This allows Khan to remember Chekov without him having to hide somewhere on the ship for the first year of the show.
...But you seem to be counting by stardate, which means Chekov is already a bridge officer by the time of "Space Seed", having made his debut earlier on in "Catspaw".
Well, at least it completely and totally avoids the whole "people with yellow hair and pale skins are somehow superior" nonsense.
But just because it's nonsense is no reason to avoid it - indeed, it being nonsense is why it's so darn popular in entertainment. "Nazi" isn't pronounced "nutsy" for nothing.
That is, if somebody on Ceti Alpha V decided that people with white hair and pale skin (say, Khan, which his already white hair and non-negroid complexion) were superior, he'd certainly act on it!
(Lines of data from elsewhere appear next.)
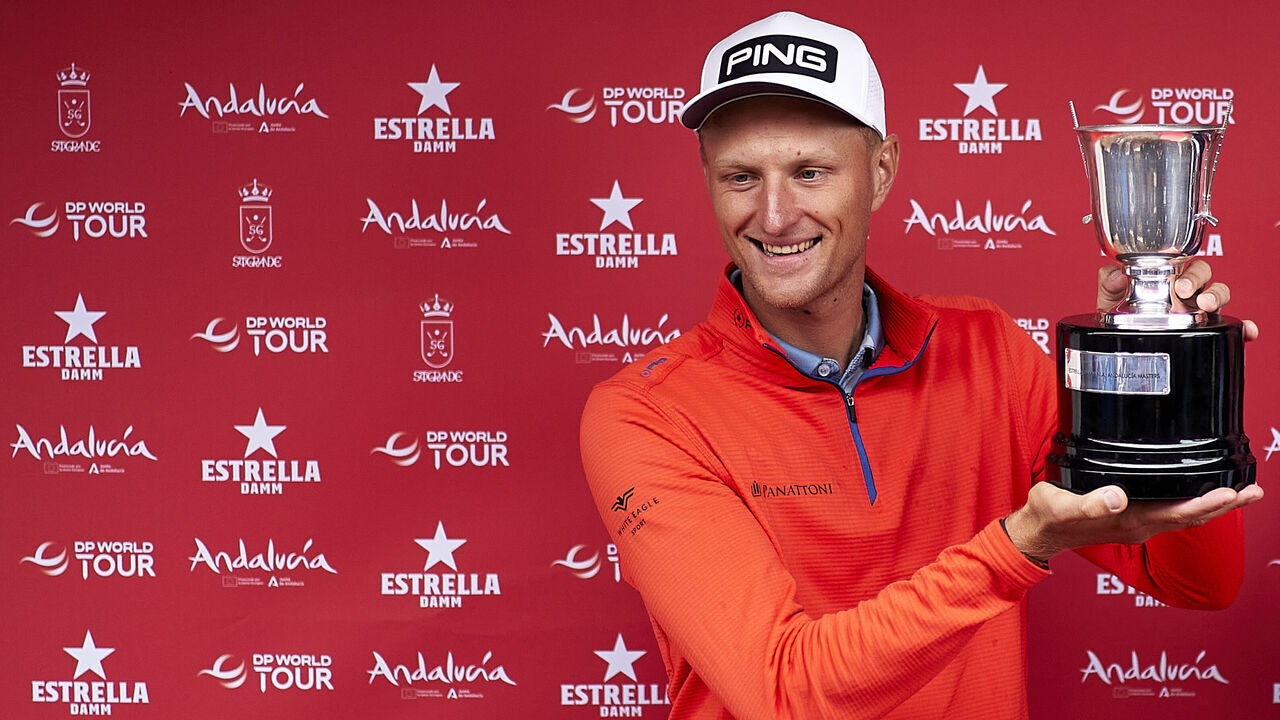 SAN ROQUE, SPAIN - OCTOBER 22: Adrian Meronk of Poland celebrates with the trophy after winning the Estrella Damm during Day Four of the Estrella Damm N.A. Andalucía Masters at Real Club de Golf Sotogrande on October 22, 2023 in San Roque, Spain.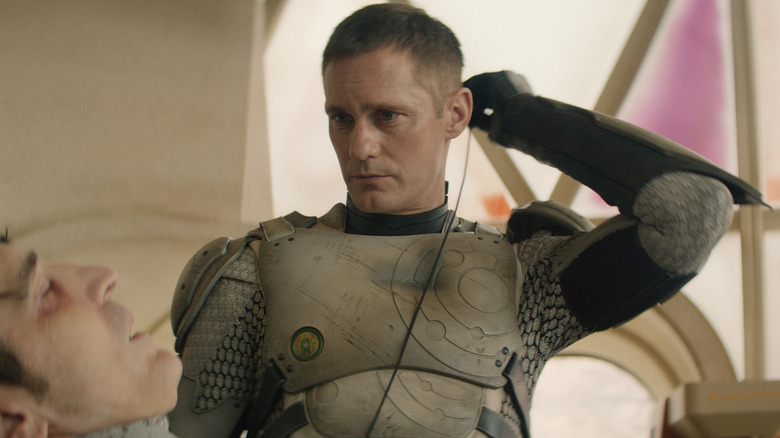 Murderbot wearing scuffed armor and plugging himself into Gurathin's (David Dastmalchian) biotech implant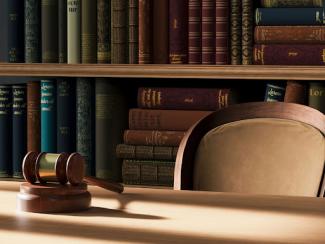 a judges gavel on a table in front of a bookshelf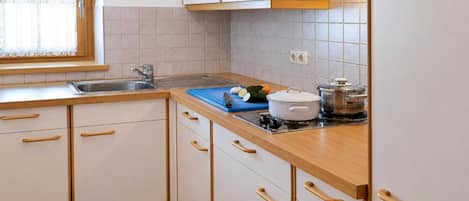 A kitchen with white cabinets, wooden handles, a sink, a stove, and a window with a lace curtain.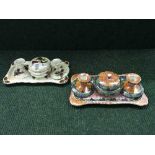 Two Maling four piece trinket sets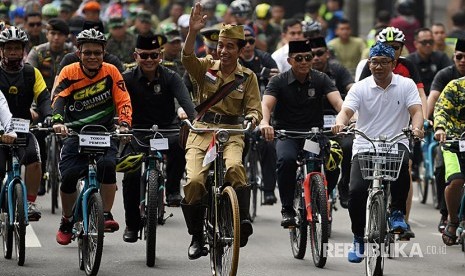 Presiden Joko Widodo (tengah) didampingi Gubernur Jawa Barat Ridwan Kamil (kanan) menyapa warga ketika mengikuti kegiatan sepeda bersama dengan tema Bandung Lautan Sepeda di Bandung, Jawa Barat, Sabtu (10/11)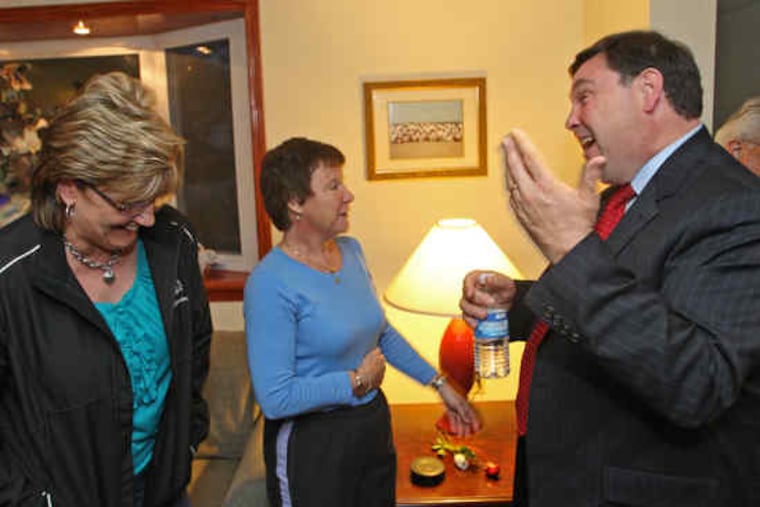 with Pat Betz (left) and Mary Anne Benner in Benner's home in the Northeast. "Dan's problem right now is the lack of campaign money," political strategist Larry Ceisler said.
Now that the desperate flight with some eighty competitors was over, and compromises could be forgotten, the elimination game between the supermen could finally begin. In the end, there can be only one (phenotype)...
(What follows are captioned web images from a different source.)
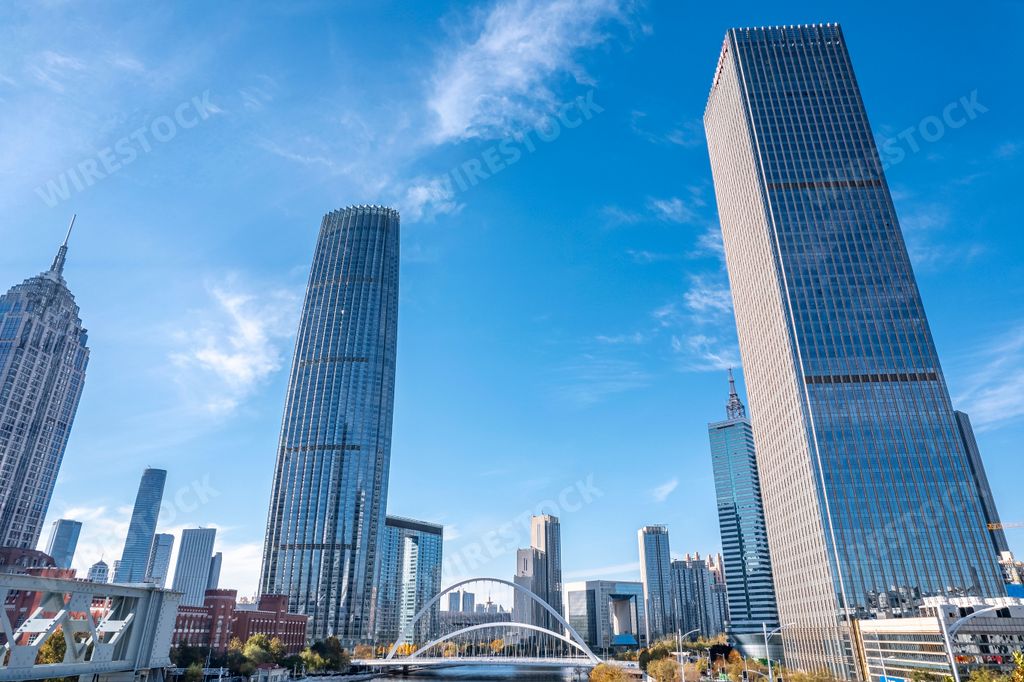 A low-angle view of city full of skyscrapers under the blue sky.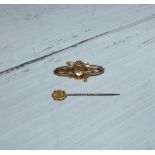 A bar brooch set with diamond chips; a stick pin, 3.2 gm gross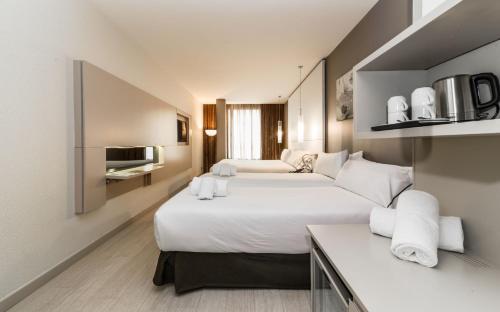 Habitación Cuádruple del hotel Grums and Spa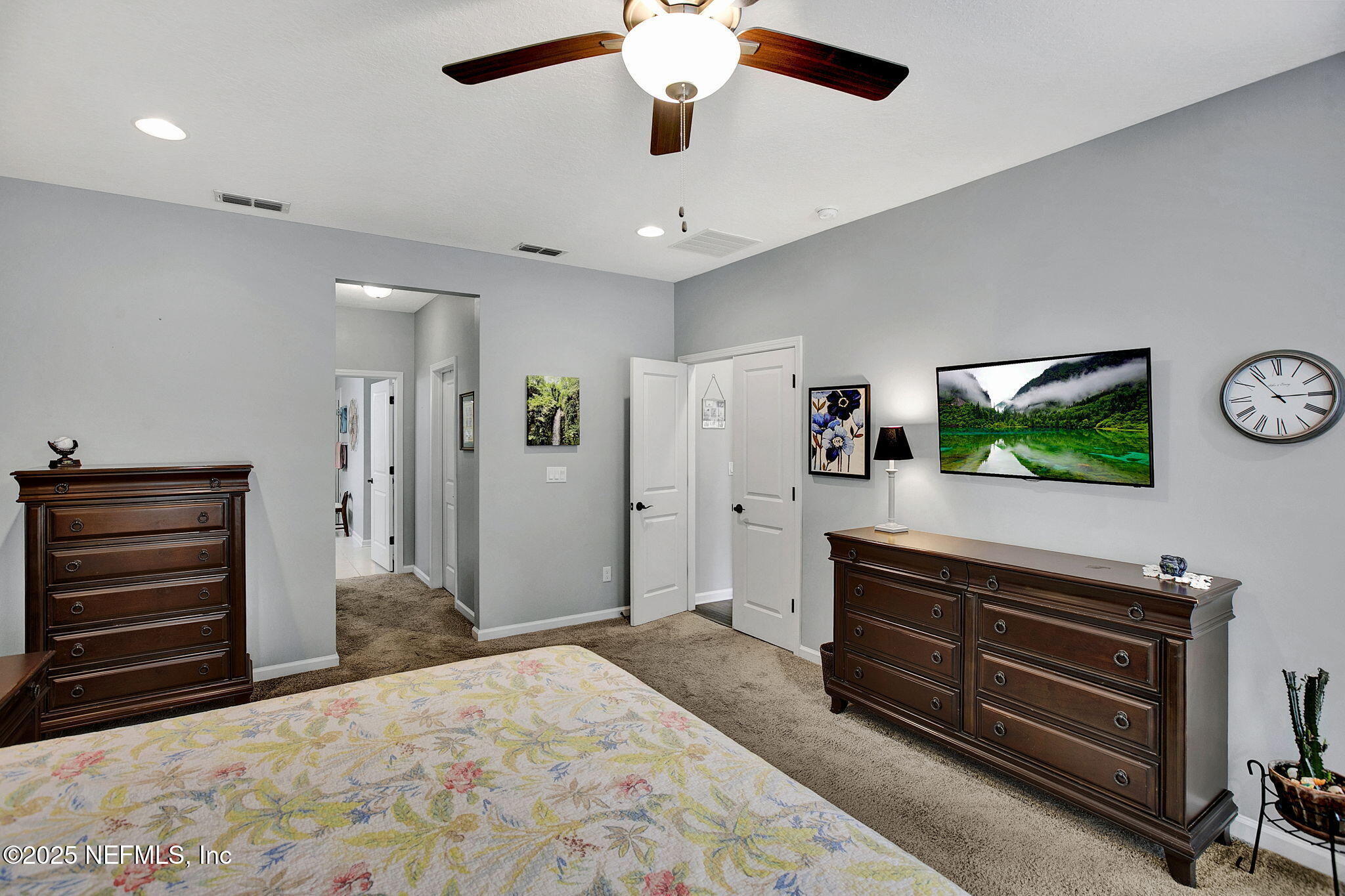 424 Willow Lake Drive St. Augustine, FL 32092 - Photo 21 of 52 a bedroom with furniture and a flat screen tv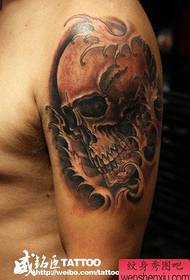 brachium masculus a classic exemplum frigus skull tattoo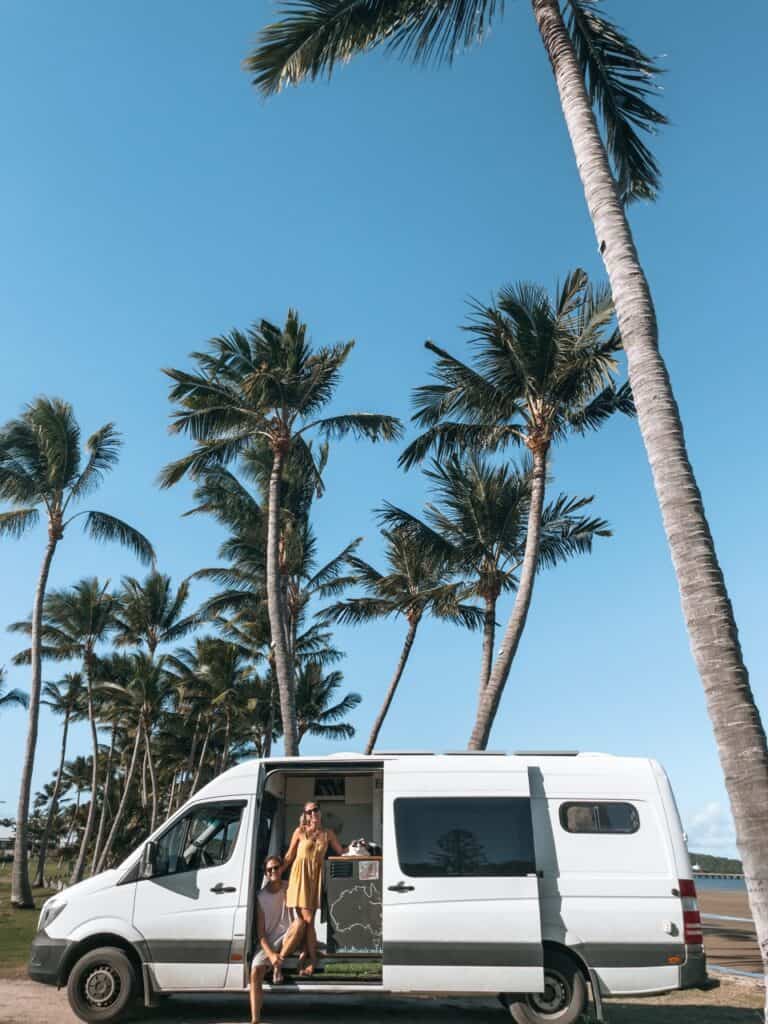 A campervan parked under some palm trees and Wade, Dani and their cat, Jon Snow, sitting on the door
As for the nuances of dialogue, fitting your model in isn't all that impossible in the end. Khan does say Kirk marooned him and the others "on the barren sand heap" (contradicted by facts of marooning in "Space Seed"), and "never bothered to check on their progress" (made doubtful by the 15 years reference if taken literally). Might well be Kirk marooned Khan twice, then: first on the harsh but fertile Ceti Alpha V, then again on the barren sand heap Ceti Alpha V (by visiting, seeing that things were bad, and nevertheless leaving). And
then he failed to check on how they were doing.
Kirk would probably have done all that on his own time, though, without bringing his starship along. The place isn't all
that far out in the sticks, and Kirk has access to various private or commercial starcraft when the UFP doesn't declare an inconvenient quarantine to hinder him. Or then he can operate small Starfleet craft of sufficient range, like the various TAS designs, and file a false flight plan.